Un exemple de ses contreparties : “pour 250 € ou plus, passez une journée avec moi à l’entraînement et mangeons un morceau ensemble ! Je vous donnerai l’occasion de me défier sur piste à Paris ! Je cours un 60m haies, et vous un 60m à côté. Vous pensez pouvoir me battre ? Dès 30 euros de dons, recevez un bon d’achat Intersport de 30 euros.”
Les clés du succès d’un projet de crowdfunding
Un projet de financement participatif, s’il veut aboutir, se doit d’être enthousiasmant, précis et transparent sur le plan de la gestion financière (utilisation de l’argent récolté). L’engagement d’un groupe d’athlètes bien défini, qui plus est rarement sur le devant de l’affiche (jeunes, féminines…) et une présence accrue sur les réseaux sociaux sont indispensables afin de mobiliser une communauté. Le choix de la plateforme est primordial dans le but de développer une proximité entre porteurs de projet et financeurs potentiels. C’est une affaire de famille.
Une offre de financement participatif qui se diversifie
Le crowdfunding sportif se veut davantage professionnel et répond donc de plus en plus précisément à la fois aux attentes des porteurs de projets et également à celles des contributeurs. C’est pourquoi l’apparition de plateformes de financement participatif spécialisées dans le sport est en nette augmentation. On peut citer parmi les plus récentes We Play Sport. Cette société, dédiée au monde du sport et du handisport, se démarque de la concurrence en offrant aux porteurs de projets la possibilité de conserver une partie des sommes récoltées même si l’objectif final n’est pas atteint à 100%.

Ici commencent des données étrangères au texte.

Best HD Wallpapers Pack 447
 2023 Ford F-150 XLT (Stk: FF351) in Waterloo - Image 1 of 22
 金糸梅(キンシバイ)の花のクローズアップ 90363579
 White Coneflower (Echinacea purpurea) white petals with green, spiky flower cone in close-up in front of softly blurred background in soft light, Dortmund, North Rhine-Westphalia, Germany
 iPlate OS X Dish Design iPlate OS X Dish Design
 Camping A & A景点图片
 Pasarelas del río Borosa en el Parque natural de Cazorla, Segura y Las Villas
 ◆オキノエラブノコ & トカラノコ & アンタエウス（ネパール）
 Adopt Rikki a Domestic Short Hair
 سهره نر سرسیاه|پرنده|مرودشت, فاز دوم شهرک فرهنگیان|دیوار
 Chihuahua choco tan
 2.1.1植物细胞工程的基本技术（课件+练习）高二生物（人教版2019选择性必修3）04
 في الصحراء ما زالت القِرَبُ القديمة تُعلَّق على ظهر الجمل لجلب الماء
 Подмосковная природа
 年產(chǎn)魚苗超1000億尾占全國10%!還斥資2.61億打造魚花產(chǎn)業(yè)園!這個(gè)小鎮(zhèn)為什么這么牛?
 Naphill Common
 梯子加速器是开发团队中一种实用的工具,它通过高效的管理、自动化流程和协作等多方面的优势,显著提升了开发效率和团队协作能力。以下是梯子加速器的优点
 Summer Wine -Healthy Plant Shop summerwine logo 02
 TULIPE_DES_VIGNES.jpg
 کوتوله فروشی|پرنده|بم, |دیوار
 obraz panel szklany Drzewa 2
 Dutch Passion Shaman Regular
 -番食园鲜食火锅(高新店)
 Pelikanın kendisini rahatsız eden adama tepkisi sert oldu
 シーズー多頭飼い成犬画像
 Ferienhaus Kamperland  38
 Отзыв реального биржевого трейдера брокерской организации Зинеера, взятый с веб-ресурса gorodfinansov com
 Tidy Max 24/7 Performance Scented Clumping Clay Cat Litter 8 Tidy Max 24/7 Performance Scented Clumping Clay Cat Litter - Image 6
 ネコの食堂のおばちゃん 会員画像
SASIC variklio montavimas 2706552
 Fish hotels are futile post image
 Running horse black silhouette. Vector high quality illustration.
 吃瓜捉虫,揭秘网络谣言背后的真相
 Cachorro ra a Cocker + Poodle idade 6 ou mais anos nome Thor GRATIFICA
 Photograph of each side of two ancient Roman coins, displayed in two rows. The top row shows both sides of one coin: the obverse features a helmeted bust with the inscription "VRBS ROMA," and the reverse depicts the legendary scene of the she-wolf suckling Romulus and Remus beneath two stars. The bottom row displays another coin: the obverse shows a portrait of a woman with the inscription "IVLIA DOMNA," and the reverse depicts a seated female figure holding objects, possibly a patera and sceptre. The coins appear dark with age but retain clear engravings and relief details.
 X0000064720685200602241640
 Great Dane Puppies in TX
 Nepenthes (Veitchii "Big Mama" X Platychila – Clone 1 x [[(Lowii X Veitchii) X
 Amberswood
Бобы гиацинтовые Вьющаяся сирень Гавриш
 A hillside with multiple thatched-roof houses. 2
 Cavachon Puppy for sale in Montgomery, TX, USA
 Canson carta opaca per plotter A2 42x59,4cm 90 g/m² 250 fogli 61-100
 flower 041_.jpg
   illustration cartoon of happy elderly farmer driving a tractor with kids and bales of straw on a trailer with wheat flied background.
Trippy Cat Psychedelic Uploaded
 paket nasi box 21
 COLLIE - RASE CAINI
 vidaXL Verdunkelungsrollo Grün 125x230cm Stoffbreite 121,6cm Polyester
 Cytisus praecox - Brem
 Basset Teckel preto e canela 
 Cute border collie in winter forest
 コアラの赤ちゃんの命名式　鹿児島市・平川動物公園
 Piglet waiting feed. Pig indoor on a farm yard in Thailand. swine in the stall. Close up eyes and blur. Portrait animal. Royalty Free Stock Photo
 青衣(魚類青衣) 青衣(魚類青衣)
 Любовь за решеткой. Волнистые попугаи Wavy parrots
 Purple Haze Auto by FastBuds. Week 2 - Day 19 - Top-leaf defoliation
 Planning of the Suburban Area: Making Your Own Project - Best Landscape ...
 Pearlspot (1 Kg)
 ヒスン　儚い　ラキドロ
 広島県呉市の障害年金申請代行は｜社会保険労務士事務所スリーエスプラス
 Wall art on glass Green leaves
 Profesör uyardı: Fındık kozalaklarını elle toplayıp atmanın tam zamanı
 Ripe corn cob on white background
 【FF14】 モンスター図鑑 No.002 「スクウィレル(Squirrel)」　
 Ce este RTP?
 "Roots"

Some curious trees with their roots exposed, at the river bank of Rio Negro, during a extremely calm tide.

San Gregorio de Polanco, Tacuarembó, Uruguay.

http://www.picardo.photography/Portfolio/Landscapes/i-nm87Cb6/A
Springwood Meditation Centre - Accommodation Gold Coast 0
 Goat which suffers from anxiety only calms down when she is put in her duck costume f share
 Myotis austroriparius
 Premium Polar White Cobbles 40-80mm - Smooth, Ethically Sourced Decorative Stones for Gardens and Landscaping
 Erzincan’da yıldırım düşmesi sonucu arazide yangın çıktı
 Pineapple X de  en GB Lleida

WePlaySport.fr – La solidarité est un sport collectif
Une pratique en croissance mais freinée par des limites notamment législatives
Même s’il incarne une solution intéressante pour faire fructifier une popularité importante et que de nouveaux liens avec les fans sont noués à travers des projets rêvés devenus réalité, le sponsoring participatif ne constitue pas encore une source stable de revenus pour les structures sportives. Les sites de crowdfunding surfent sur le levier du sentiment d’investissement pour son club ou son sportif favori. Cependant, s’appuyer sur une communauté empathique de supporters n’est pas toujours suffisant. Le fan de sport ne semble pas aussi familier du paiement par internet que l’on imagine. Le public cible des projets de crowfunding, ayant les moyens d’en aider certains, et a souvent besoin d’être accompagné pour passer à l’acte de financement.
Depuis la fin de l’été 2013, un projet de loi sur le crowdfunding est en cours. Celui-ci vise à limiter le financement participatif. En effet, un internaute ne pourra plus attribuer de somme supérieure à 250 euros. Et le seuil maximal de récolte de fonds sera plafonné à 300 000 euros. Un coup dur pour les grands projets voulant soulever de nombreux fonds. Dans le monde du sport et plus particulièrement dans celui des clubs de football professionnel, ce projet est un frein au financement participatif des fans qui ne pourront miser que des sommes faibles sur des projets modestes. Les clubs peineront à tirer des bénéfices nets grâce à cette pratique. Imaginons 300 000 euros sur les 400 000 000 euros de budget du Paris-Saint-Germain… Le bénéfice financier d’un projet de crowdfunding via Sponsorise.me semble illusoire, ceci représente seulement 0,075 % du budget du club !
Le but de cette monétisation est alors plutôt symbolique. Elle permet d’être proche du public, proche du fan et d’améliorer un capital symbolique, sans augmenter nettement un capital financier, qui représente des sommes extrêmement faibles par rapport aux capacités financières de ces véritables entreprises du spectacle sportif.